Now prosperity has at last arrived. The land boom has reached Castle Valley. You can read the pitch in the classified ads of any newspaper as high-powered real estate companies peddle the old farms: “Eighty-acre ranch in Utah valley, close to town with half-mile border on county road.” “Utah hideaway—forty acres near hunting and fishing.” Farmers are selling their land for more money than they have made from it in a lifetime of hard work, and their place is being taken by new people moving in from the West Coast to seek some dream of their own. But theirs is a different dream, the Hollywood dream of the cowboy on his own spread, not the pioneer dream of building a society. They don’t build houses or plant trees but live in mobile homes. And it is not only the new people but the younger generations of the old families who are bringing in a new lifestyle. For example, I can remember only two of my grandfather’s contemporaries who habitually wore cowboy boots, while today every second person appears in “western” attire. Community events used to include drama, concerts by a men’s glee club, weekly baseball games by the town team (an ill-equipped and not very highly skilled but zestful contingent), and an annual Hereford Days celebration dedicated to improving breeding stock on the farms. Now there are only rodeos. 

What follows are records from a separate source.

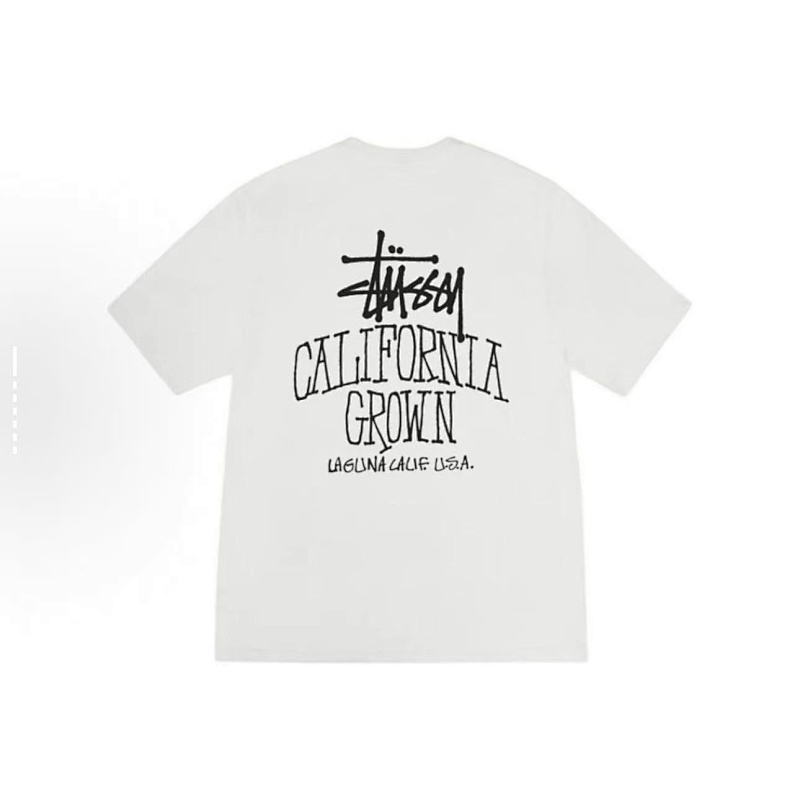 STUSSY (98)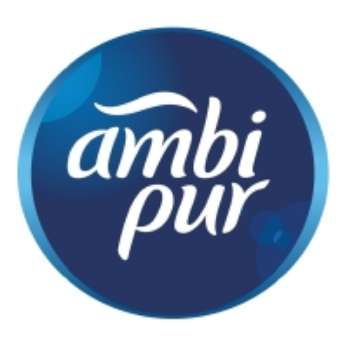 Immagine per il produttore Ambi Pur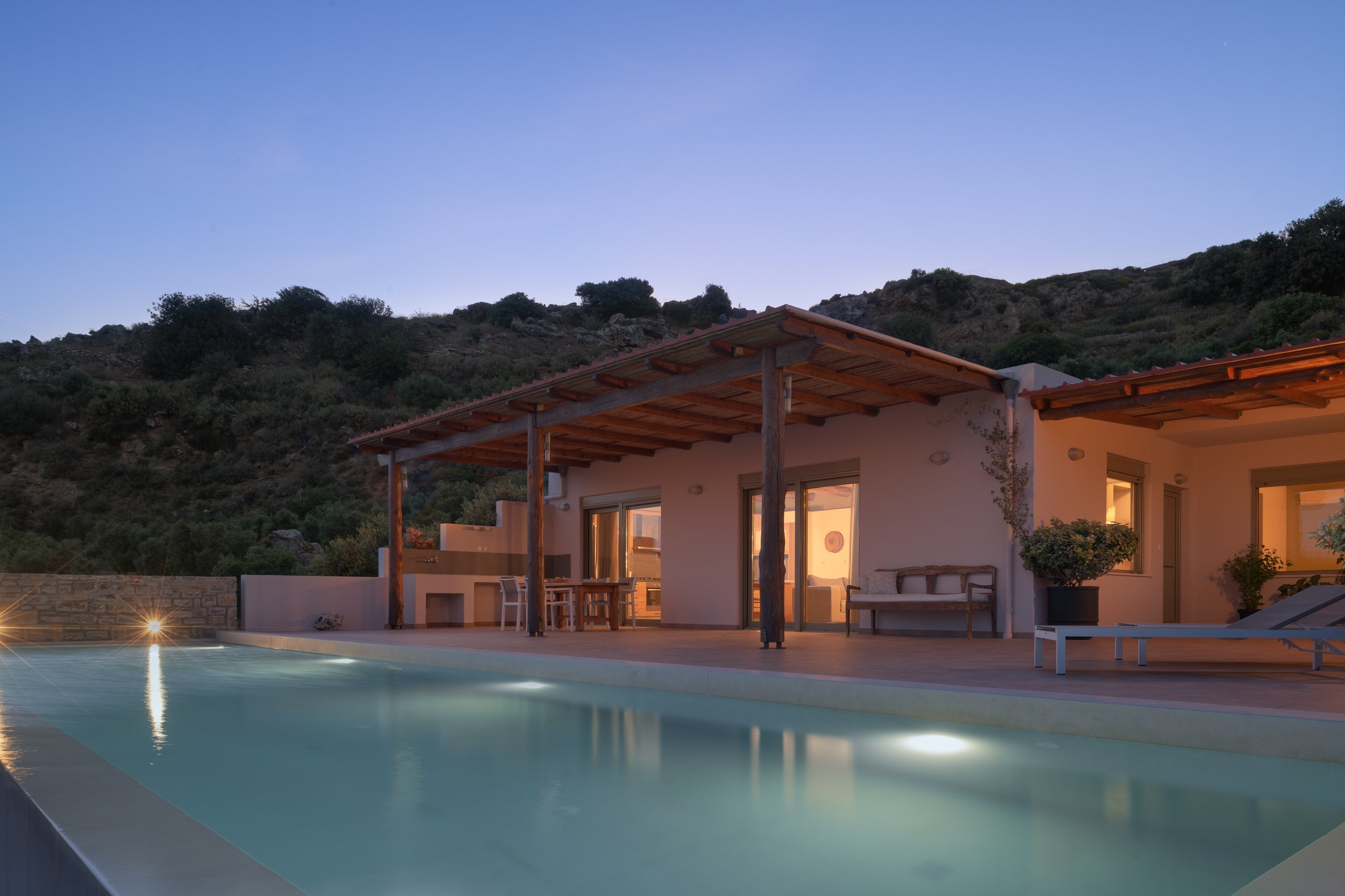 Irida Villa Sunrise-28.jpg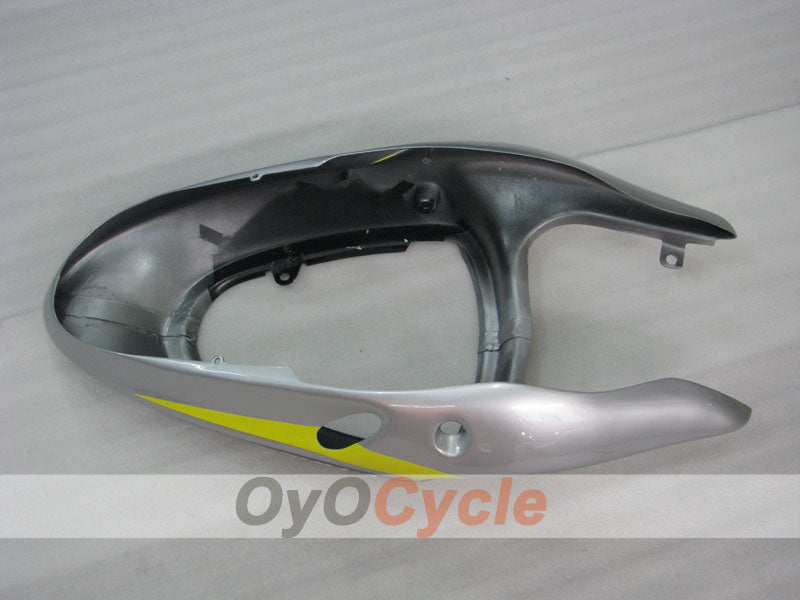 Heckverkleidung für Suzuki 98-03 TL1000R #OYO87908241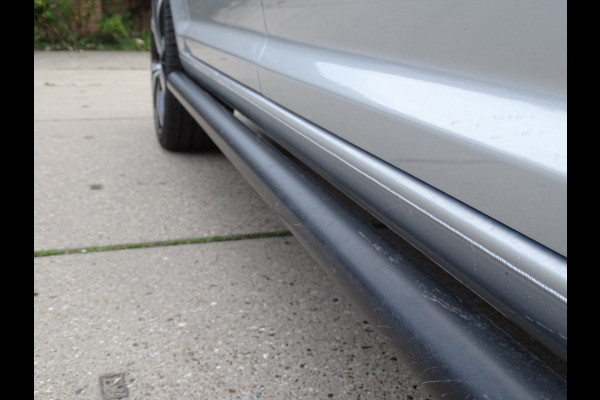Volkswagen Caddy 2.0 TDI Maxi Edition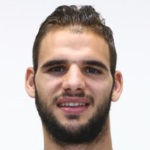 P. Tachtsidis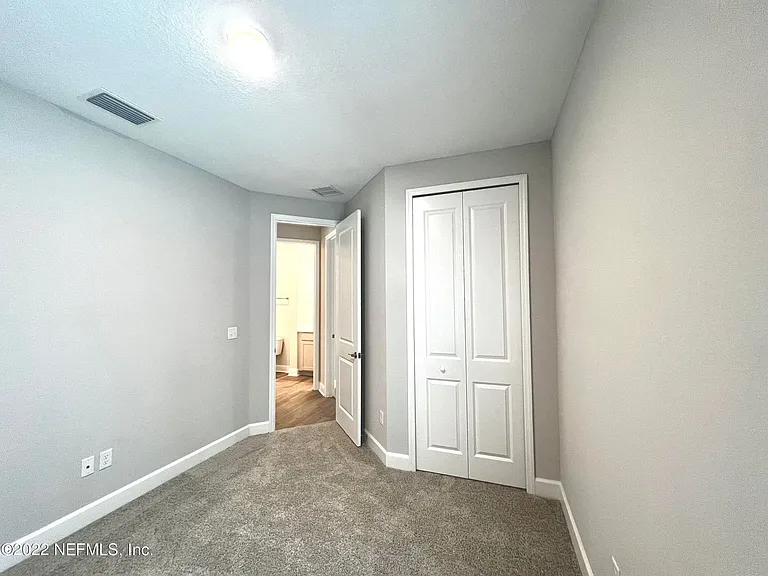 49 Windswept Way — Photo 24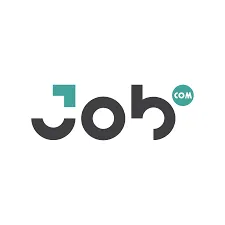 job.com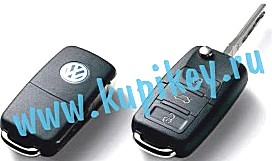 ключ VW.jpg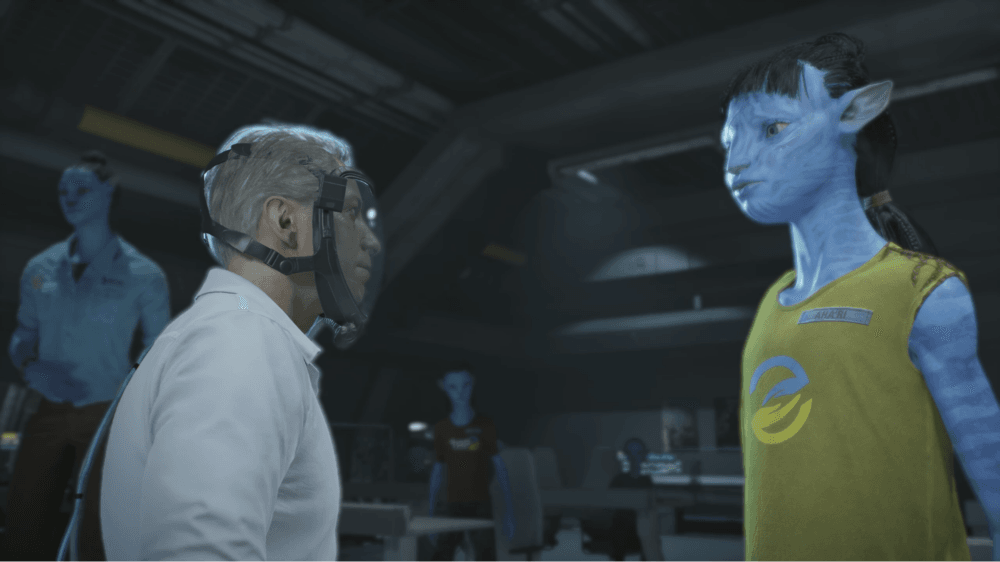 04-Avatar: Frontiers of Pandora.png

Industrial development is arriving too, in the form of a power generating plant being built in the mouth of the canyon to exploit the extensive coal deposits. Farmers sold their water rights to attract the plant (they find that Californians will buy land without water as readily as with it), and it was expected not only that several hundred new jobs would be created but also that the county’s tax base would be doubled. The jobs have come, and with them dozens of new families to crowd the schools and strain municipal facilities, but in a piece of traditional Castle Valley hard luck a legal technicality has forestalled the tax bonanza. So now the people have joined with the power company in seeking an exemption from air quality laws so that another large unit can be added to the plant. They have been poor in the clear air long enough, they say, and are willing to breathe a little smoke if it means prosperity. 

Today the generating plant with its massive smokestack stands on a bluff over looking the creek, looking very much like a permanent fixture in the landscape. No one seems to care whether the canyon breeze will smell the same once it is in operation. Business is booming at the grocery stores and beer parlors, though prices have risen so high that the older residents now do most of their shopping in Price. The town itself takes on an increasingly temporary look. The poplars are nearly all gone now. No one approaching the town today would guess that they once lined the streets. Not even a scar remains on the earth to show where the old meetinghouse stood, and many of the old brick houses are gone too. The high school is gone, merged into a county high school in Castle Dale. Barns and corrals are being pulled down at an astonishing rate to make room for trailer parks (parks only in the sense of places to park). What few houses have been built in the last several years are mostly pre-fabs that appear suddenly and are capable of disappearing just as fast. Indeed, one feels that when the last of the old mature trees are gone the whole town could be moved somewhere else almost overnight, leaving the valley floor as dry and bare as that party of fur trappers found it in 1830. 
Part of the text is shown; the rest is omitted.